• _WORK ORDER_: What you return must match, exactly, the lines running from the one containing "A hot tub with a view of a road and trees." to the end of the data, both included, and must contain no pictures.

Captioned web images
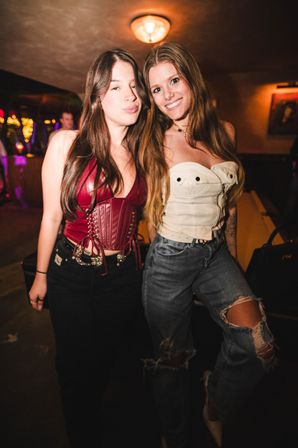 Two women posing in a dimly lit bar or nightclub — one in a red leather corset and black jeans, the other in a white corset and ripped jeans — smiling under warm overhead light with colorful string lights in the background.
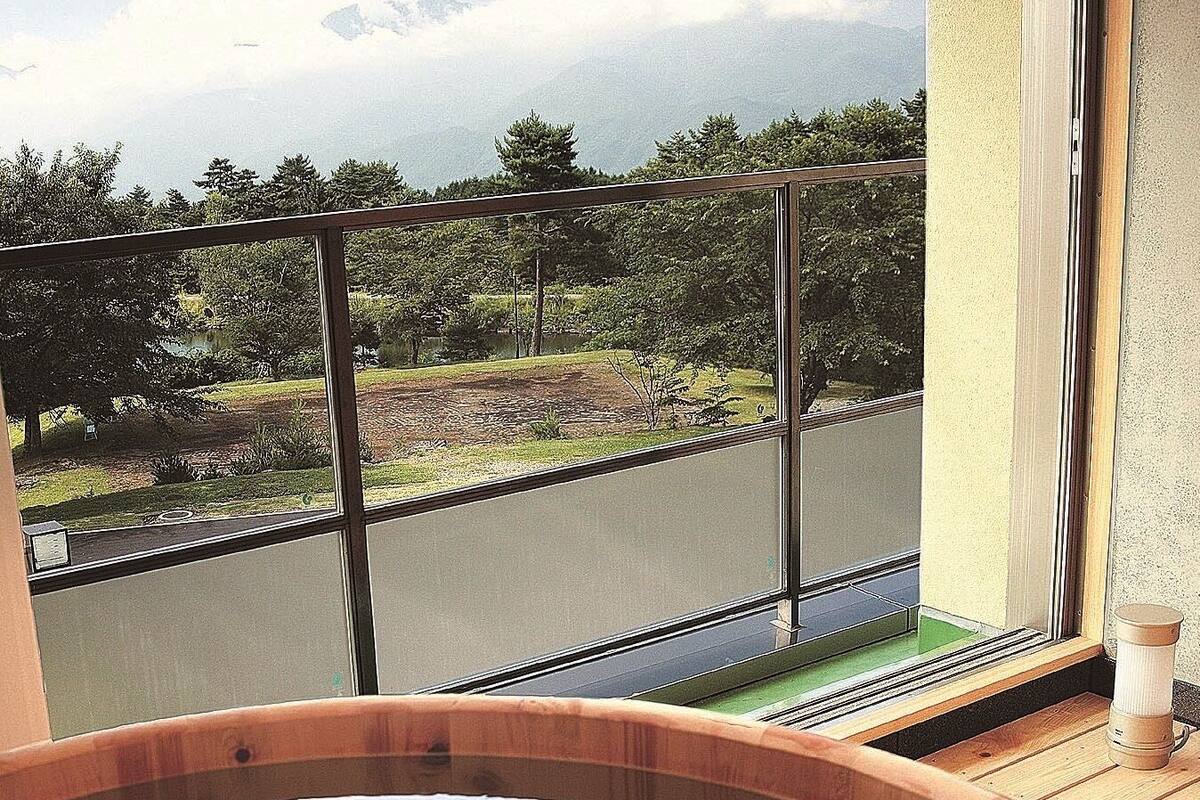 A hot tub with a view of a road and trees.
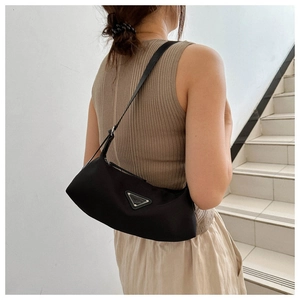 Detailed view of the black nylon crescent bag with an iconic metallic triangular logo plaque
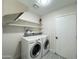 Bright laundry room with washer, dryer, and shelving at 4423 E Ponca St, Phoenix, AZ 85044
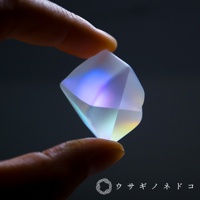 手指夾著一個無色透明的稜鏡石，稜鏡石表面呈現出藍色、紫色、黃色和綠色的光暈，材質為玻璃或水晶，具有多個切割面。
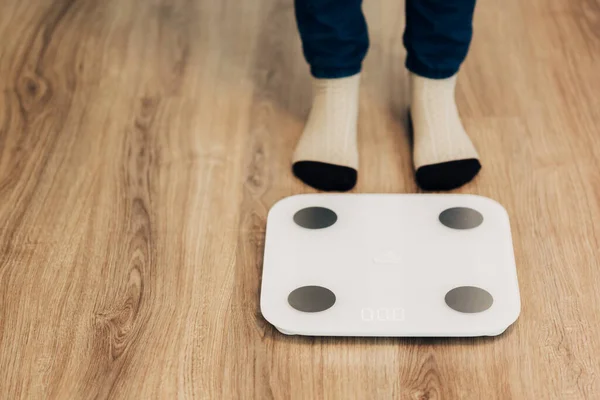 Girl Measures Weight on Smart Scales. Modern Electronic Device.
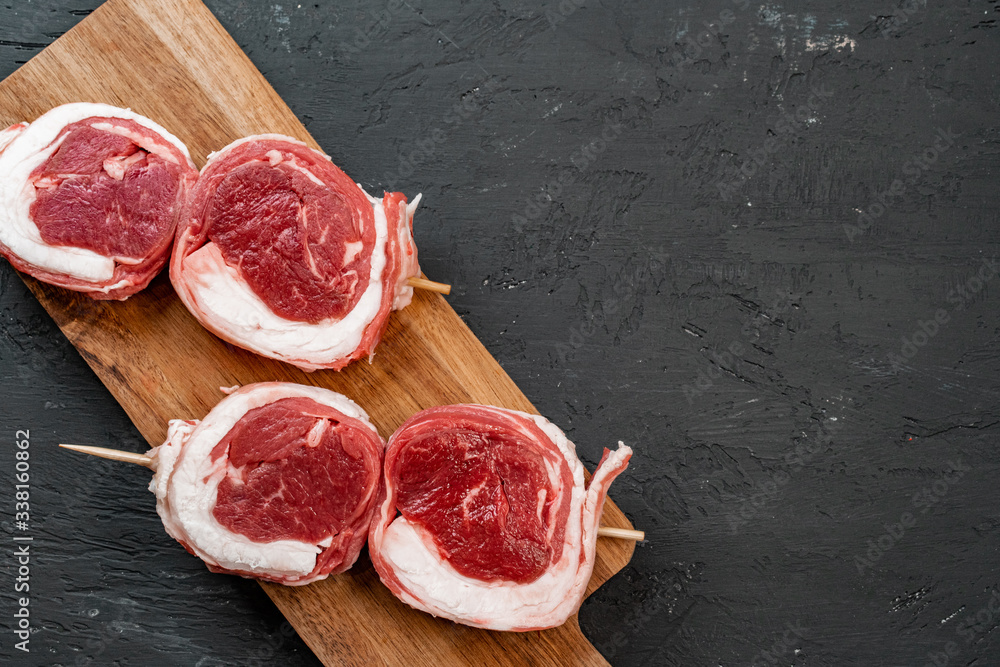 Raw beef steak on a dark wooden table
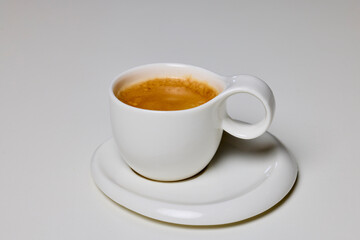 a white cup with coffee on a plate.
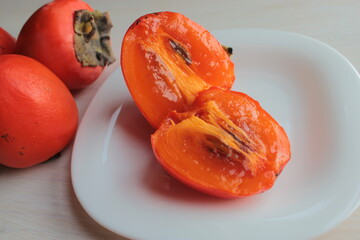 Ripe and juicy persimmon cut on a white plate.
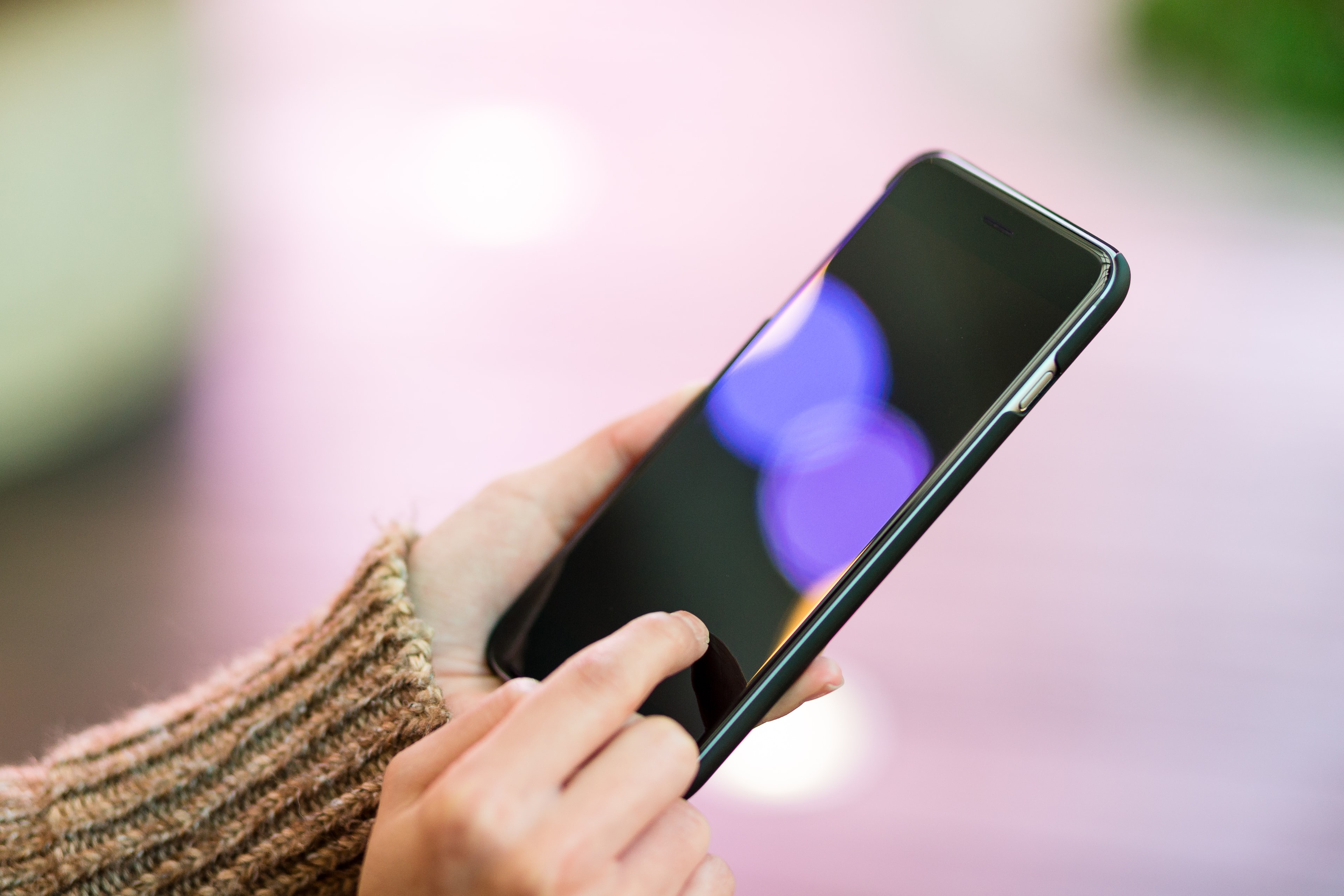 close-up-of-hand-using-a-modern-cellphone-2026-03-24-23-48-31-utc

• _RESPONSE BOX_:
 A hot tub with a view of a road and trees.
 Detailed view of the black nylon crescent bag with an iconic metallic triangular logo plaque
 Bright laundry room with washer, dryer, and shelving at 4423 E Ponca St, Phoenix, AZ 85044
 手指夾著一個無色透明的稜鏡石，稜鏡石表面呈現出藍色、紫色、黃色和綠色的光暈，材質為玻璃或水晶，具有多個切割面。
 Girl Measures Weight on Smart Scales. Modern Electronic Device.
 Raw beef steak on a dark wooden table
 a white cup with coffee on a plate.
 Ripe and juicy persimmon cut on a white plate.
 close-up-of-hand-using-a-modern-cellphone-2026-03-24-23-48-31-utc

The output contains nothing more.